====== TASK INPUTS

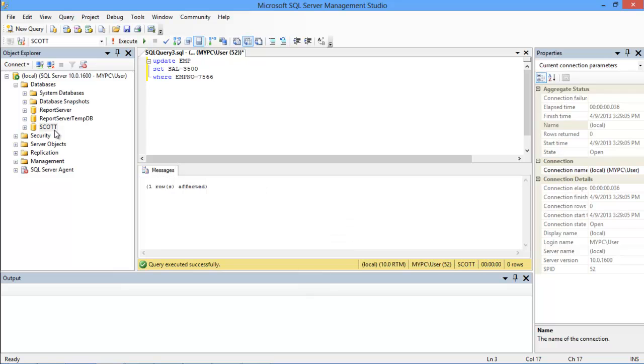Once we execute the query, a message will appear below the query editor that one row has been affected.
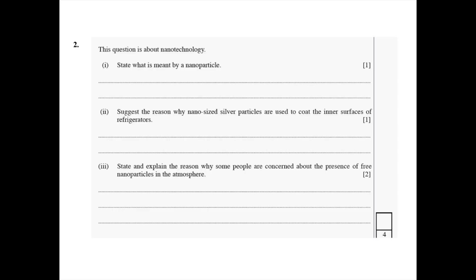Now let's look at question two. Have a look at the question, then pause the video and have a go at it. The question asks: what is meant by the term nanoparticle? Why are nano-sized silver particles used to coat the inner surfaces of fridges? And why are people concerned about the presence of free nanoparticles in the atmosphere?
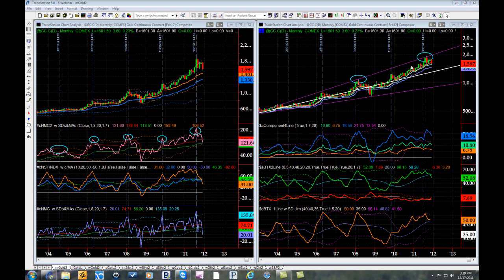The interactions of the three STX's among themselves and with price are very illuminating. In the first sub-graph on the right, we have the component four line. The interactions of these four lines, which include the zero line, can also be extremely revealing.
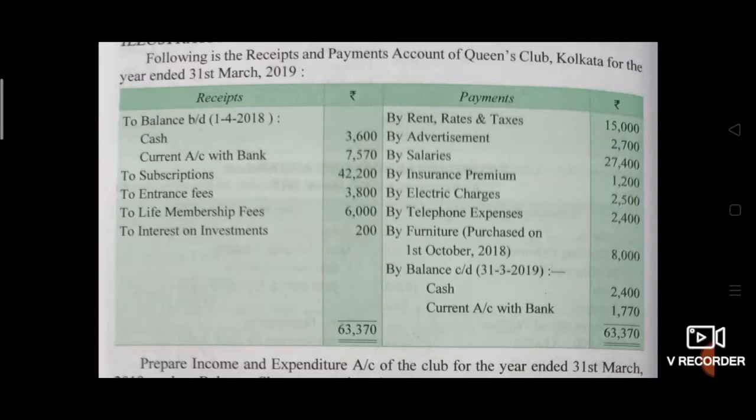Hello students, good morning. Let's solve today's problem. Following is the receipts and payments account of Queen's Club Calcutta for the year ended 31st March 2019.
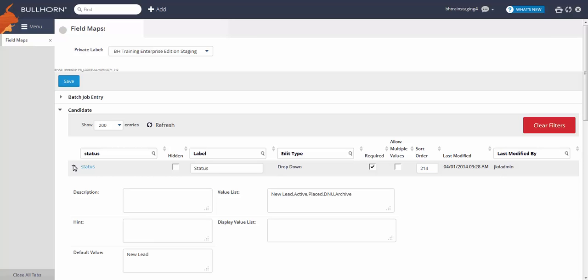Since there is no edit history or undo button with field mappings, if you're making major changes, it's a good idea to copy and paste any current values into Notepad first. That way, if you make any mistakes, you have your old data to easily revert back to.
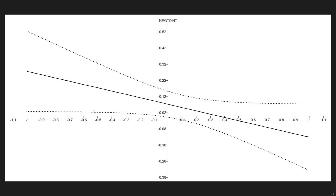So this is the association between neglect and internalizing. As you can see, with low values of cortisol change, it is significant — there is a link.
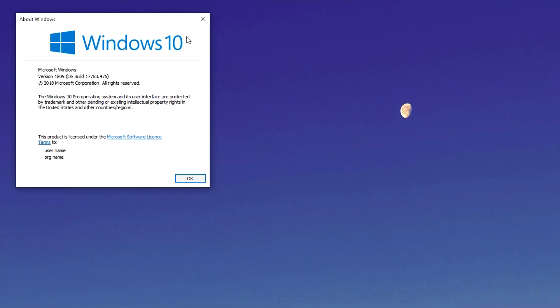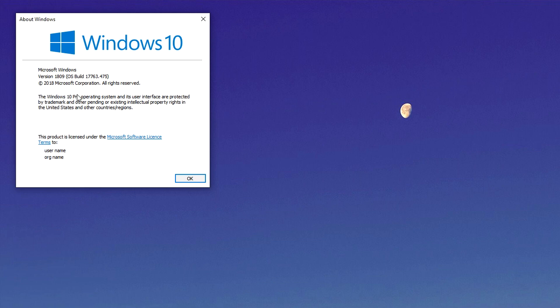Here it's going to tell you what Windows you have, so it's got Windows 10. It's also going to tell you the build version here, and it's also going to tell you what type of Windows you have here.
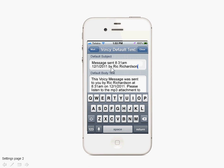Here you have the default subject text, which includes the time and the person's name. This should be collected as a global variable when the person first sets up the application. Here's the default body text, which includes a little message explaining how to use the attached MP3 when a new message or reply is sent.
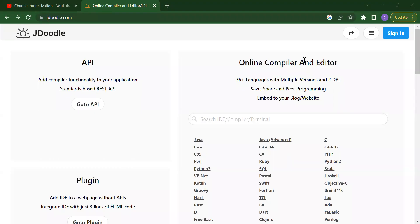Hello everyone, welcome back to my channel Code for Kids. How are you all? I hope you are enjoying your day. From today we will start our next playlist which is C++. First we will learn what is C++, why we have to use C++, and then we will see the programs.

============

> ACTIVITY:
Take every entry above and transcribe it exactly, with no pictures in the copy.

> SOLUTION:
Once we execute the query, a message will appear below the query editor that one row has been affected.
Now let's look at question two. Have a look at the question, then pause the video and have a go at it. The question asks: what is meant by the term nanoparticle? Why are nano-sized silver particles used to coat the inner surfaces of fridges? And why are people concerned about the presence of free nanoparticles in the atmosphere?
The interactions of the three STX's among themselves and with price are very illuminating. In the first sub-graph on the right, we have the component four line. The interactions of these four lines, which include the zero line, can also be extremely revealing.
Hello students, good morning. Let's solve today's problem. Following is the receipts and payments account of Queen's Club Calcutta for the year ended 31st March 2019.
Since there is no edit history or undo button with field mappings, if you're making major changes, it's a good idea to copy and paste any current values into Notepad first. That way, if you make any mistakes, you have your old data to easily revert back to.
So this is the association between neglect and internalizing. As you can see, with low values of cortisol change, it is significant — there is a link.
Here it's going to tell you what Windows you have, so it's got Windows 10. It's also going to tell you the build version here, and it's also going to tell you what type of Windows you have here.
Here you have the default subject text, which includes the time and the person's name. This should be collected as a global variable when the person first sets up the application. Here's the default body text, which includes a little message explaining how to use the attached MP3 when a new message or reply is sent.
Hello everyone, welcome back to my channel Code for Kids. How are you all? I hope you are enjoying your day. From today we will start our next playlist which is C++. First we will learn what is C++, why we have to use C++, and then we will see the programs.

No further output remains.